George Francis Fitzgerald
by Denis Weaire (Editor)
Paperback: 160 pages
Publisher: Living Edition
Price: €25.00 (+P&P)
Denis Weaire FRS, one of Fitzgerald’s successors as Erasmus Smith Professor of Natural and Experimental Philosophy in Trinity College Dublin, has gathered together a wealth of information and critical comment on one of the 19th century’s most imaginative and inspiring physicists.
It includes five essays originally commissioned by Weaire for the European Review, together with notes on Fitzgerald's publications and other records of his career. The list of his papers extends far beyond the supposedly complete Scientific Writings edited by Joseph Larmor, so they may fairly be described as brief but hardly sparse. But his chief influence remains to be found in his correspondence. This publication coincides with the opening up of the Fitzgerald Correspondence by the Royal Dublin Society to the wider world of scholarship, through Web access. It is an extraordinary record of the “invisible college” that centred on Fitzgerald, not just in electromagnetic theory, the invention of radio and the early hints of relativity, but over a wide range of pure and applied science.

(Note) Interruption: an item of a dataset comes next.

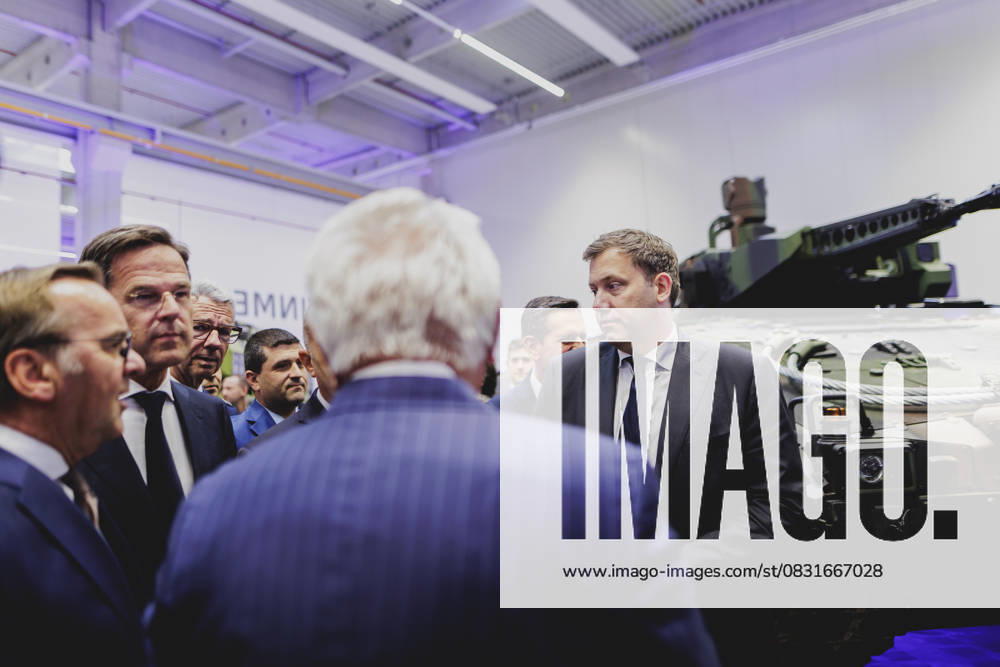 (R-L) Lars Klingbeil, Bundesminister der Finanzen, Armin Papperger, Vorstandsvorsitzender von Rheinmetall, Mark Rutte, Generalsekretaer der NATO, und Boris Pistorius (SPD), Bundesminister der Verteidigung, aufgenommen im Rahmen der Werkseroeffnung von Rheinmetall in Unterluess, 27.08.2025. Fotografiert im Auftrag des Bundesministeriums der Finanzen. Unterluess Deutschland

George Francis Fitzgerald (1851-1901) was the leader of the Maxwellians, who supported and applied Maxwell’s electromagnetism. He was a towering figure in physics, but was neglectful of his own reputation, so his many contributions are poorly appreciated - in the birth of radio communication, in early ideas about relativistic effects, and much else. This book, together with his extensive correspondence, held by the Royal Dublin Society, can be used to delve into his extraordinary career.